■ **Data**
((
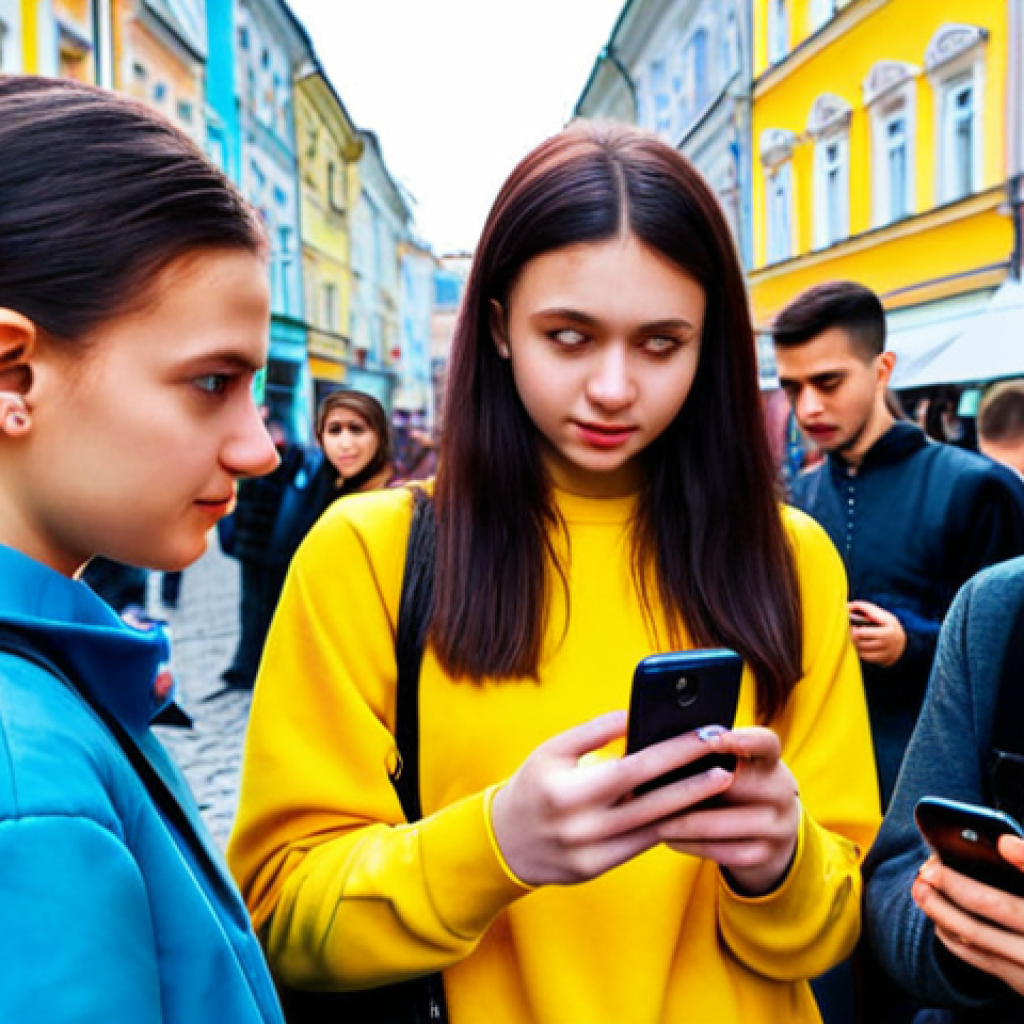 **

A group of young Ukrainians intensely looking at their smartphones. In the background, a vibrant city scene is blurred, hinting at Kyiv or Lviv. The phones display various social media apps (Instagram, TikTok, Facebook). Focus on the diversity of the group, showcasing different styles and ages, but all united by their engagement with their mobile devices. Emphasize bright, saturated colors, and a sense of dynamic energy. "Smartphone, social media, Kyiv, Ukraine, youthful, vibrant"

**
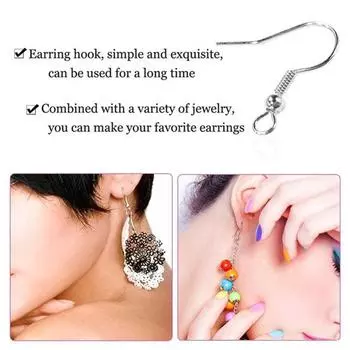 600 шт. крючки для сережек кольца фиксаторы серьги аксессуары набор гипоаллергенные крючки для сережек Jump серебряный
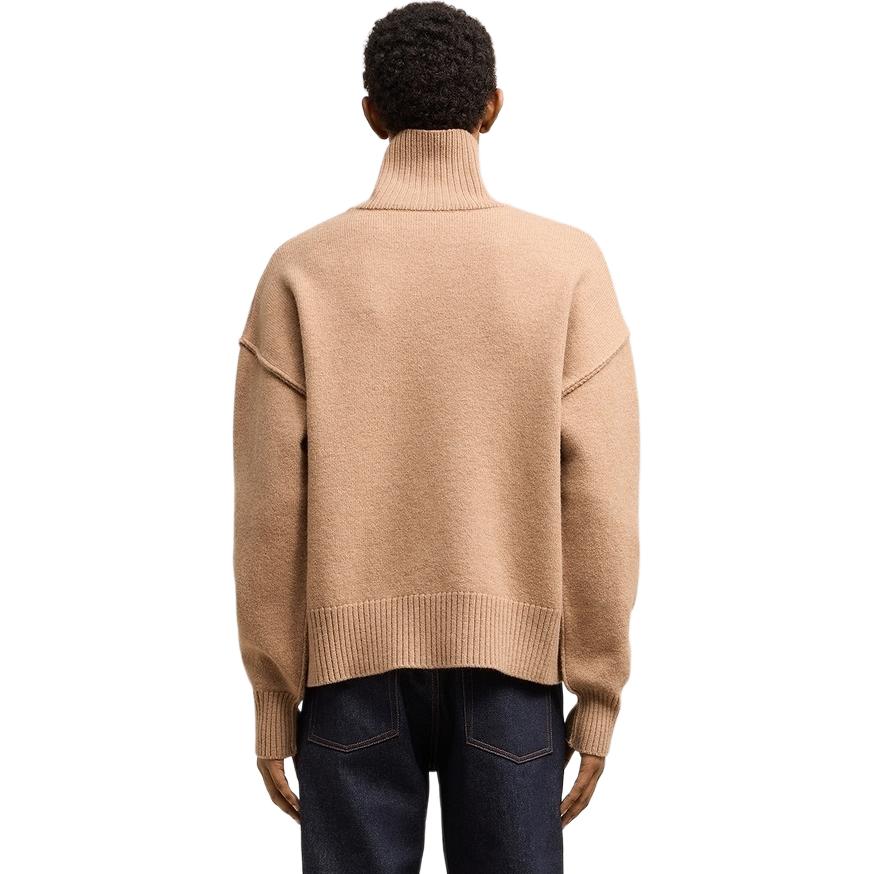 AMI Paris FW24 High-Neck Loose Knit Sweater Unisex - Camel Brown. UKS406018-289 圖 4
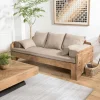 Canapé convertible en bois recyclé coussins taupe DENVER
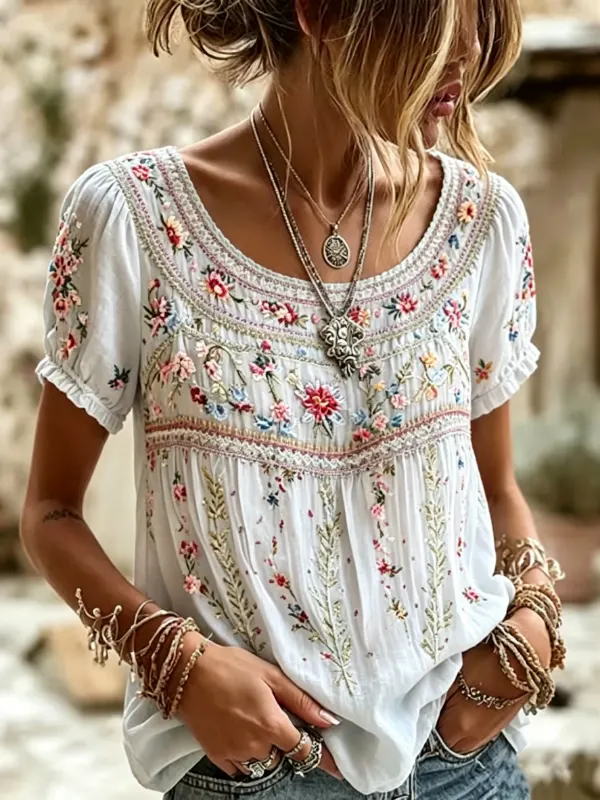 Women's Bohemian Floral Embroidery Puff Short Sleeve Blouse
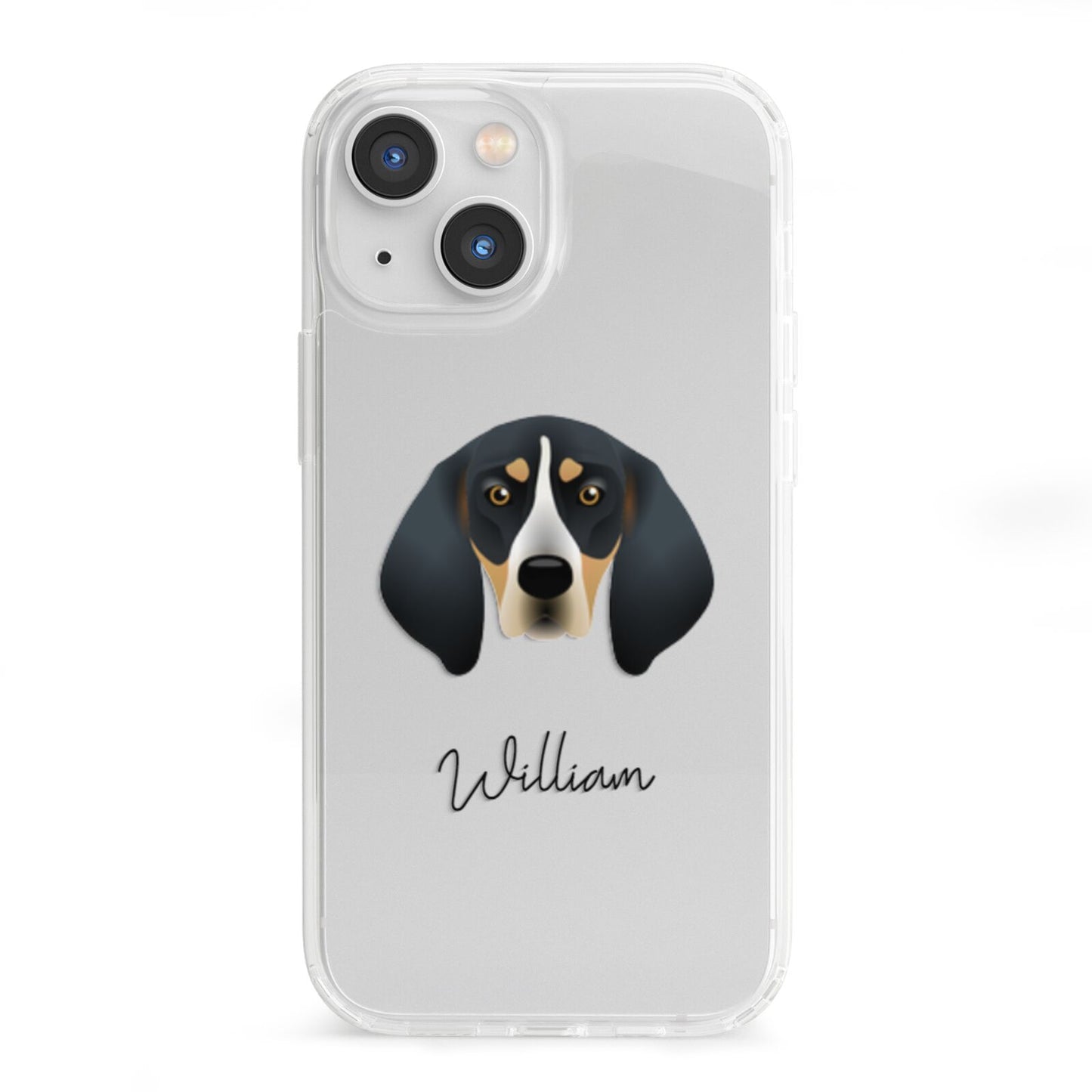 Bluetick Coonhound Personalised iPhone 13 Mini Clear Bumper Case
))
((
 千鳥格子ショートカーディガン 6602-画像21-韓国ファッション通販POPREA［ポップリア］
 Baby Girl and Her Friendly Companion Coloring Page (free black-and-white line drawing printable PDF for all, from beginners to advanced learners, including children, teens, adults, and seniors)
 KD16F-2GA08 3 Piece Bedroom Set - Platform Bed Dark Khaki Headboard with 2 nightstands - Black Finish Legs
))
((
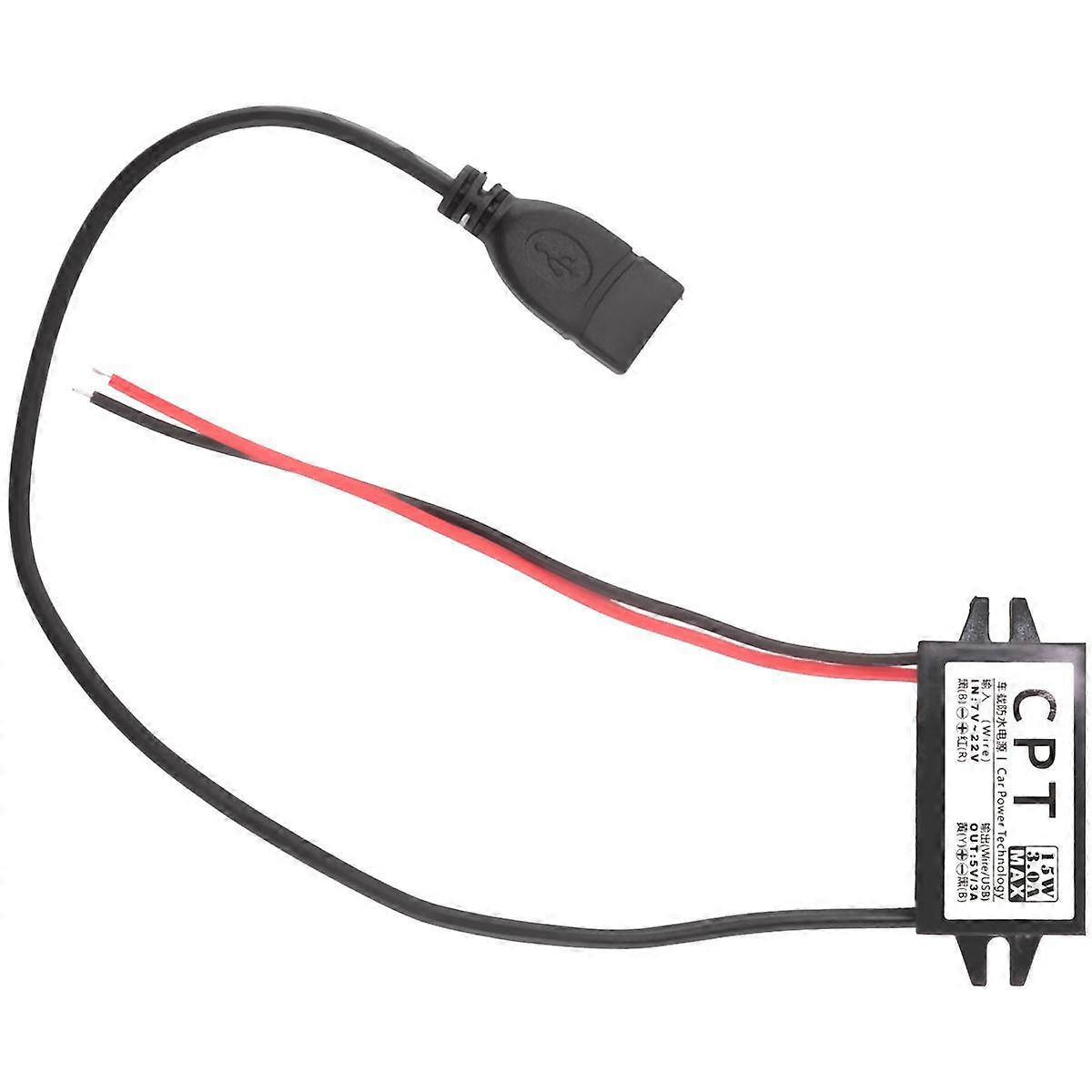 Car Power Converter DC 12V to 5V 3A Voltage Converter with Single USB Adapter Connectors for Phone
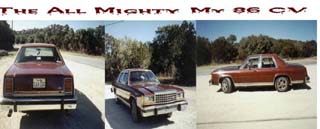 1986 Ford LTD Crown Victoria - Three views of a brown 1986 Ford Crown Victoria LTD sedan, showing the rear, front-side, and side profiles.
))
■ **What the task requires**
An exact transcription is needed of the lines from the one with "Women's Bohemian Floral" to the one with "Bluetick Coonhound Personalised" above, both ends included, with pictures left out.

■ **Answer below**
 Women's Bohemian Floral Embroidery Puff Short Sleeve Blouse
 Bluetick Coonhound Personalised iPhone 13 Mini Clear Bumper Case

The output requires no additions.